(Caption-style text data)
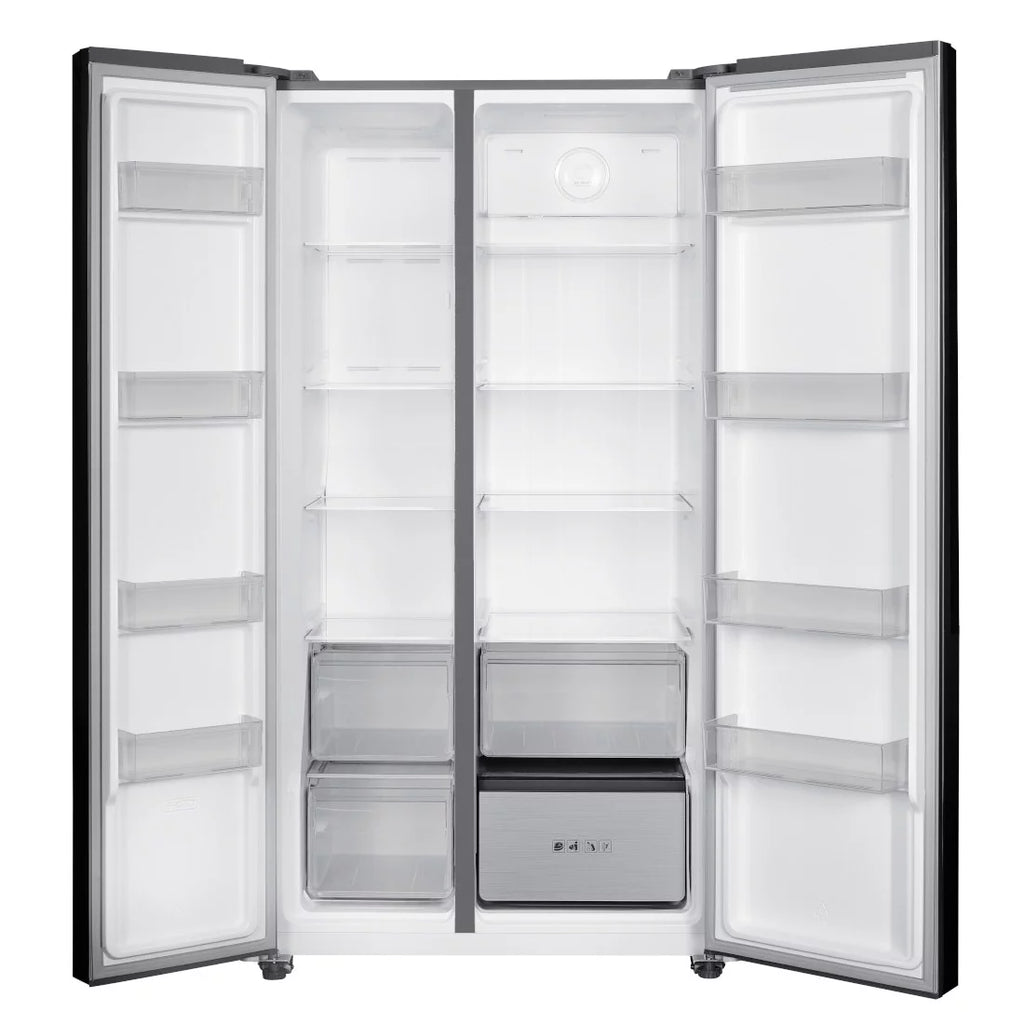 TCL REFRIGERATEUR AMERICAIN DEUX PORTES NOIR-MIROIR NO FROST 595L- P774SBBG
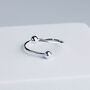 Sterling Silver Spiral Shape Adjustable Ring, thumbnail 2 of 4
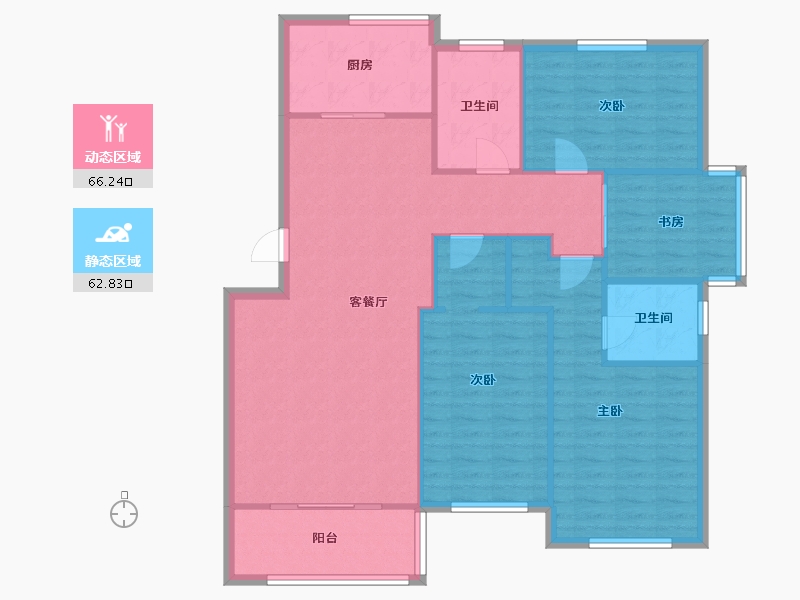 山东省-青岛市-永合硕辉苑-117.80-户型库-动静分区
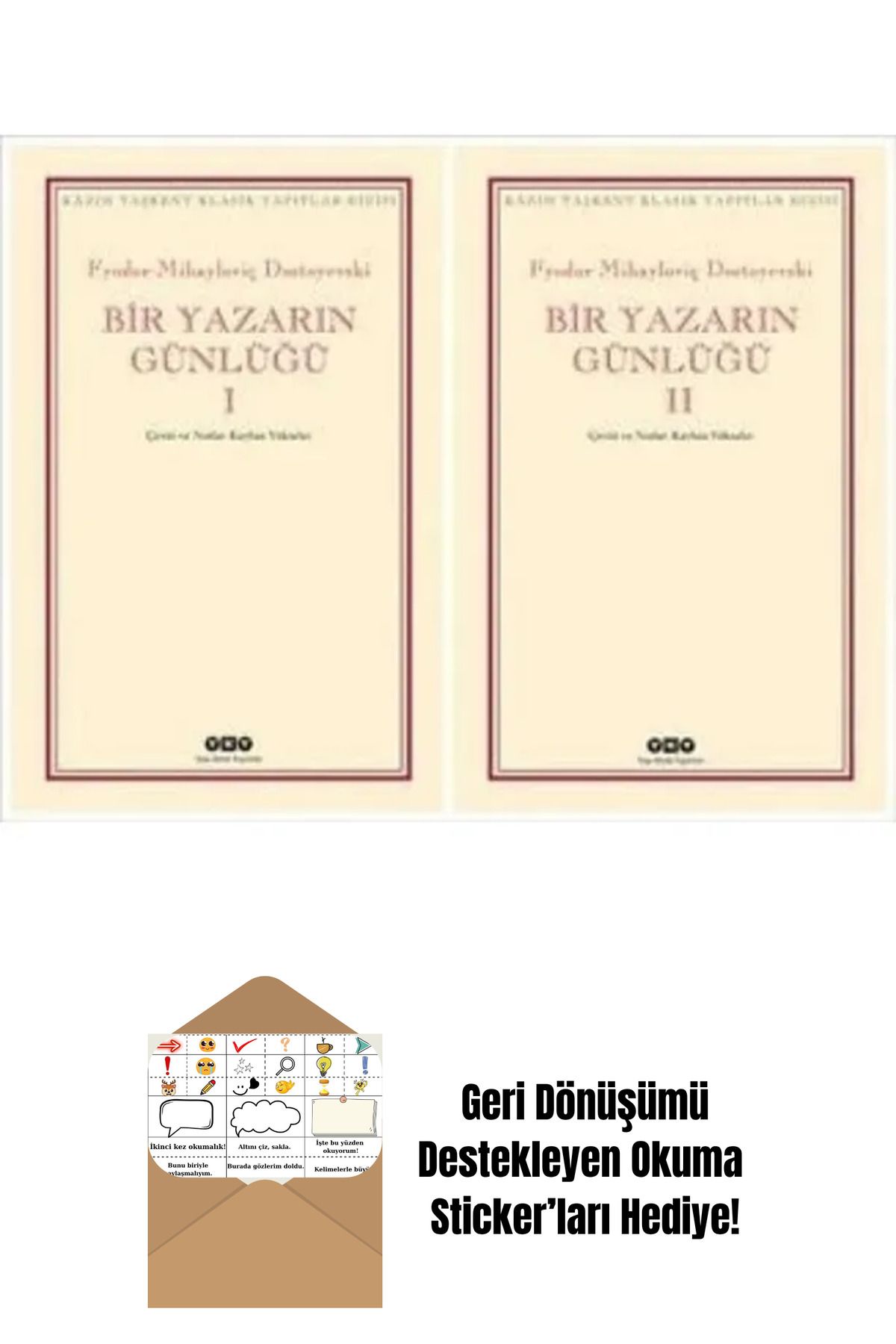 Yapı Kredi Yayınları Cevdet Bey ve Oğulları - Kar - Benim Adım Kırmızı + Okuma Sticker'ları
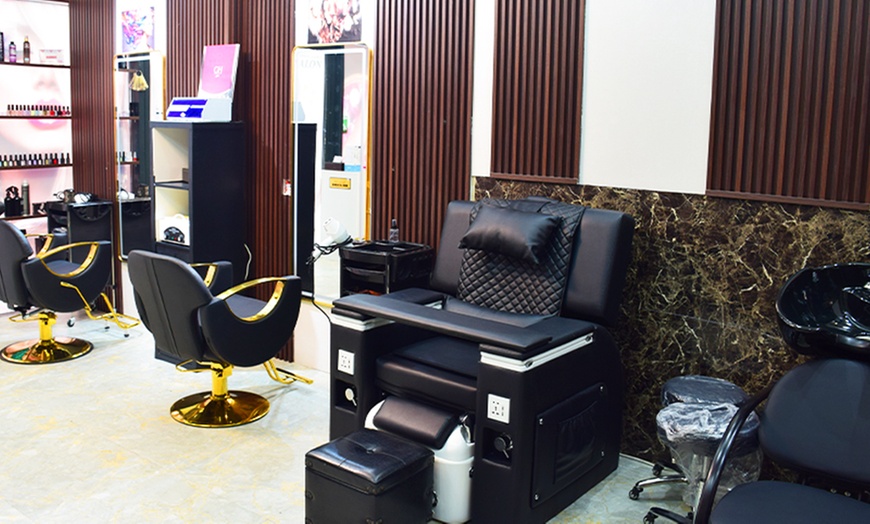 Image 1: Classic/Gel Mani-Pedi, Extensions or Russian Nail Services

## Work item
Your reply should hold only the lines running from the one with "Sterling Silver Spiral" to the end of the data above, set down exactly, pictures omitted.

## Your response
 Sterling Silver Spiral Shape Adjustable Ring, thumbnail 2 of 4
 山东省-青岛市-永合硕辉苑-117.80-户型库-动静分区
 Yapı Kredi Yayınları Cevdet Bey ve Oğulları - Kar - Benim Adım Kırmızı + Okuma Sticker'ları
 Image 1: Classic/Gel Mani-Pedi, Extensions or Russian Nail Services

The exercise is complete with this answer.